- _What is expected_: Write out again, exactly as they stand, the line that includes "Ruby Y Necklace" and all remaining lines of the entries.

====

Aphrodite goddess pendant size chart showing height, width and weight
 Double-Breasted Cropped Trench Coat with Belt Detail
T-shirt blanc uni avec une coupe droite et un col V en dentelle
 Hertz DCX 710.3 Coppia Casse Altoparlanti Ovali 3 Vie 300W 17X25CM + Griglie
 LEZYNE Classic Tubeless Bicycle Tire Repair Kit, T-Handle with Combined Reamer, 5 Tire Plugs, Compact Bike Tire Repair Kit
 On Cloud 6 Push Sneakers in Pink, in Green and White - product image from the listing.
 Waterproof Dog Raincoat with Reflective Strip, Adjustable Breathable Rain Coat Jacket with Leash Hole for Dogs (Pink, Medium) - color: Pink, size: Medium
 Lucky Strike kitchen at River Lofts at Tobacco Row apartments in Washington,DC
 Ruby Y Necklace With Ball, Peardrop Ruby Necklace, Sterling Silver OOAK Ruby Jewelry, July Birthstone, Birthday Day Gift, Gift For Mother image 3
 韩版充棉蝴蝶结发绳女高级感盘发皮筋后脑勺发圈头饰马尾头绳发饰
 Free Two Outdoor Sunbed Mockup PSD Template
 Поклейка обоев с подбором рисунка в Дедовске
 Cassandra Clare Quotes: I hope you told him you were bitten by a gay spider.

====

- _Output for this exercise_:
 Ruby Y Necklace With Ball, Peardrop Ruby Necklace, Sterling Silver OOAK Ruby Jewelry, July Birthstone, Birthday Day Gift, Gift For Mother image 3
 韩版充棉蝴蝶结发绳女高级感盘发皮筋后脑勺发圈头饰马尾头绳发饰
 Free Two Outdoor Sunbed Mockup PSD Template
 Поклейка обоев с подбором рисунка в Дедовске
 Cassandra Clare Quotes: I hope you told him you were bitten by a gay spider.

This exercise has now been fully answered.